Aujourd’hui, Camille était là. Et avec Camille, il y a toujours un petit quelque chose en plus, une manière de déposer de la vie même quand elle pense passer inaperçue. On travaillait tous dans la salle, concentrés sur le montage du documentaire, chacun plongé dans son écran, dans ses images, dans ses casques… et pourtant, la vraie bande-son de la journée ne venait pas des ordinateurs.
Elle venait de Camille.
Parce que Camille, quand elle se concentre, elle chante dans sa tête. Sauf qu’elle oublie parfois que sa tête déborde un peu. Alors on a eu droit à tout: des refrains qui surgissent sans prévenir, des « humm » qui marquent le rythme, des débuts de couplets qu’elle lâchait avant de s’en rendre compte, et même un petit décalage épaule-nuque qui accompagnait le tout. Un jukebox involontaire, mais constant.

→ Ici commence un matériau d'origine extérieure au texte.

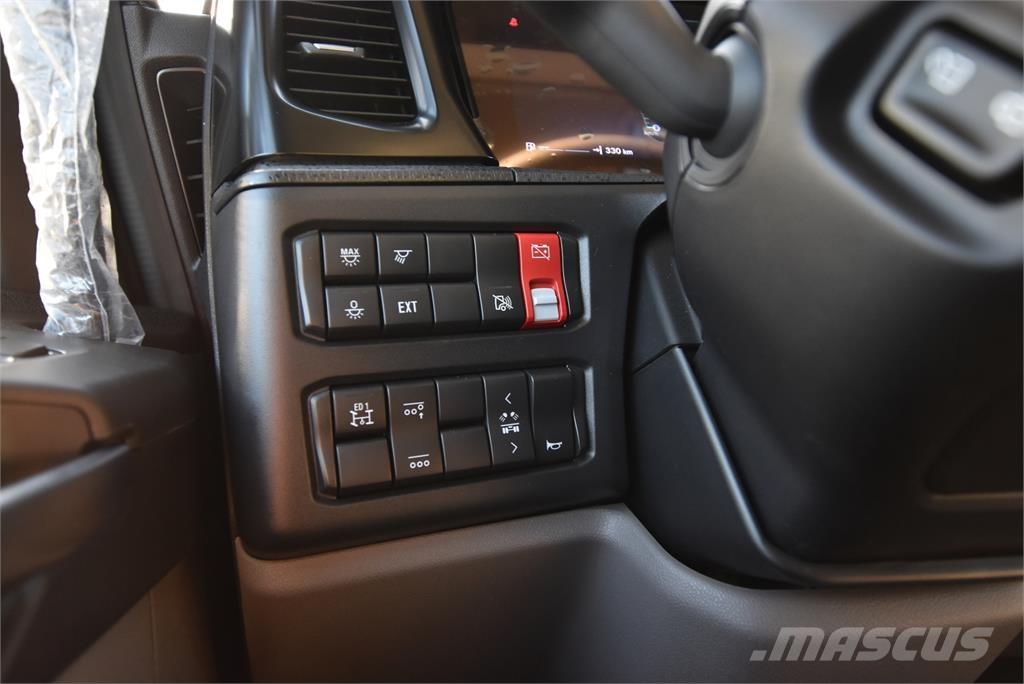 Scania R590 8X4 Šasija ar kabīni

À un moment, Alexandre a levé les yeux de son écran, mi-sérieux, mi-amusé, comme s’il était en train d’essayer de savoir si c’était un bruit de micro ou la playlist interne de Camille. Martine a souri sans se retourner, parce qu’elle, elle sait déjà reconnaître les « versions brouillons » des chansons de Camille. Thomas a soufflé un rire très discret, celui d’un homme qui tente de remettre de l’ordre dans les mots tandis qu’une voix juste à côté réinvente le chaos musical.

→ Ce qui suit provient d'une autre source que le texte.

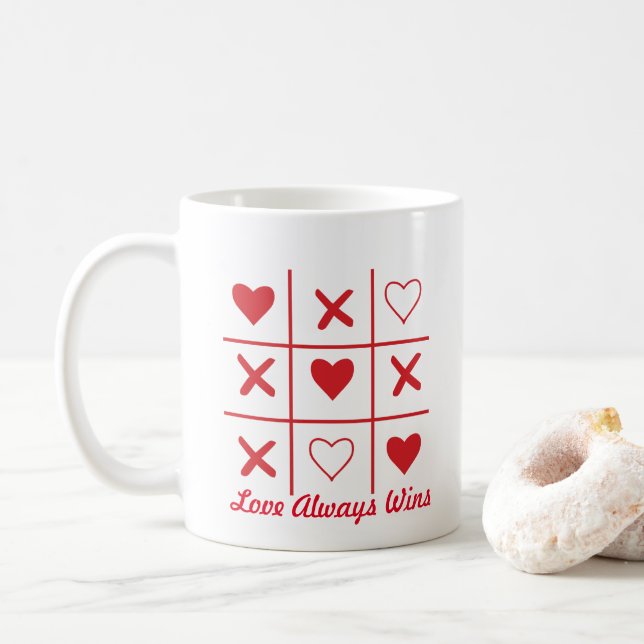 Mug L'amour gagne toujours le T-shirt de Valentin (Avec donut)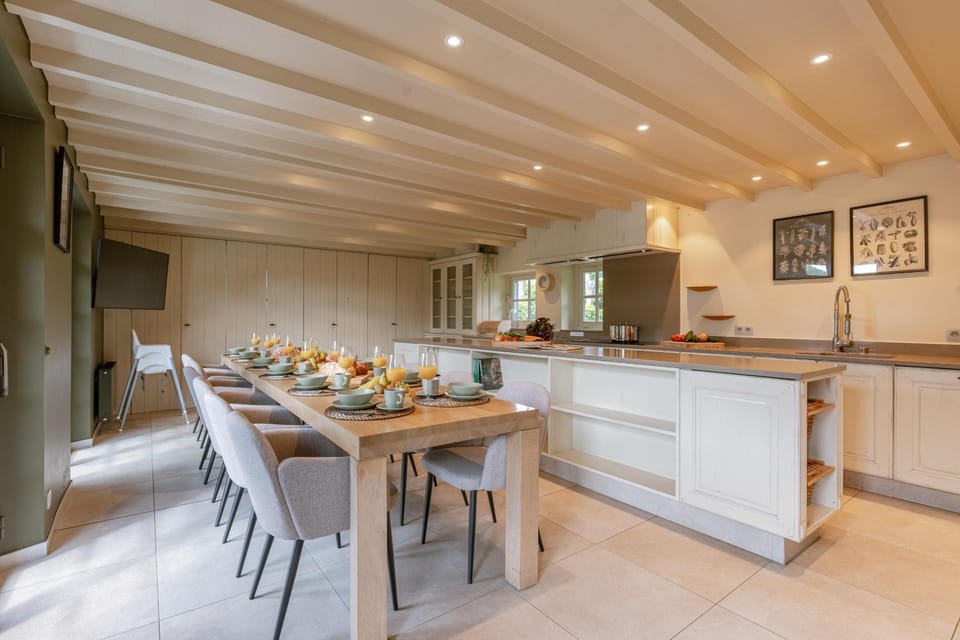 Astoria House Villa in Flanders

Et pourtant, il n’y avait rien d’envahissant. Au contraire. Ces petits débordements sonores donnaient du rythme à la salle, comme un fil invisible qui reliait tout le monde sans que personne n’ait à parler. On avançait dans le montage, chacun dans son rôle, mais c’est Camille qui donnait la pulsation. Une pulsation un peu bancale, parfois, mais terriblement vivante.
En fin d’après-midi, elle s’est tue d’un coup, absorbée par une série d’images. Et là, paradoxalement, on a tous senti le manque. Le silence tombé d’elle avait quelque chose d’étrange, comme si on avait coupé la radio d’une voiture en plein trajet.
Alors oui, aujourd’hui Camille était là. Et la journée a eu ce quelque chose d’un peu plus drôle, d’un peu plus chaleureux, un peu plus habité. On a monté un documentaire. Elle, sans le décider, elle a monté l’ambiance.